Despite these flaws, Anti-merdian holds its own. "Mercenary" and "Starling" might be the best one-two punch Reese has conceived, except for the double-closers on this same album, "These Frail Hands" and "Invictus." "These Frail Hands" closes out the USS Gloria's story, as, far in the future, the astronauts reflect on their need for God as they fade into the night. The repeated refrains from "Gloria" and "Daylight," the album closers from Brave Saint Saturn's previous two albums, over the final chorus of "These Frail Hands" are particularly affective. "Invictus" is just straight up worship, a powerful song, and another candidate for Reese Roper's most passionate vocal performance. "Invictus" is a wonderful conclusion for the album, but it's also an excellent finale for Brave Saint Saturn's entire trilogy. Roper's wife Amy's background vocals give the saga an even greater feeling of completion.
Overall, Anti-meridian is a lovely and fitting conclusion to one of the more intrepid musical endeavors of the last decade. It might not be perfect, but it's got the Spirit of a Champion.

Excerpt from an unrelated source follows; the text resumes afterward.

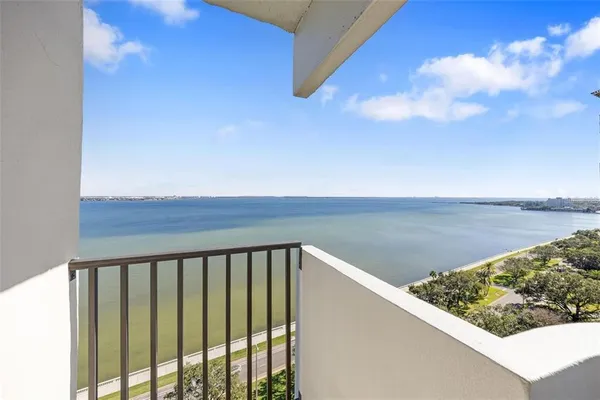 $3,600 | 4141 Bayshore Boulevard, Unit 1702, Tampa, FL 33611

2008 Department of Biophysics
1. Here Is The News 3:41
2. Mercenary 3:21
3. Starling 4:00
4. Underground 3:46
5. When You Burn Too Fast 3:04
6. Through Depths of Twilight 3:09
7. Hero's Homecoming 3:34
8. Ammodramus 1:56
9. Fields of the Fallen 3:57
10. Always Just Beneath the Dawn 3:52
11. Fortress of Solitude 4:16
12. Blessed Are the Land Mines 4:57
13. Aegolius 1:49
14. Begin Again 3:37
15. These Frail Hands 6:05
16. Invictus 3:19
Comments
There are a few songs on this album that I regularly skip if I'm going for the strong ones, so I do agree with your assessment of this album (all of the BS2 albums, actually).
But don't forget the "hidden" track on this album that hints at more to come...maybe. ;~) (FIF and their unhidden hidden tracks carried over to BS2. Of course, 5Fe did have one truly hidden track, at least...eh?)
I'm glad we have a two-person BS2 consensus!
Is "Kingdom of the Dinosaurs" the only real hidden track?
"Far, Far Away" is a favorite on that album, too. The imagery in that song is more poetry than most poems achieve. I remember when they released the "teaser" for FIF2. A few friends and I were at a FIF concert and picked up the two-song teaser (with Reese's talking track). Heh, one of my friends and I left the opening band to go buy it and ended up not resisting sneaking out to listen to it in the car (he had the driver's car keys, as he had driven her car up). We left her in there with a couple others to save our spots, so she was a bit ticked when we came back in and told her we had already heard the songs (one that was cut from the album) in her car. Without her. ;~)
I thought and thought about getting a FIF song, but I am still more strongly drawn to BS2. I went with "Daylight" after a lot of discussion with Neal.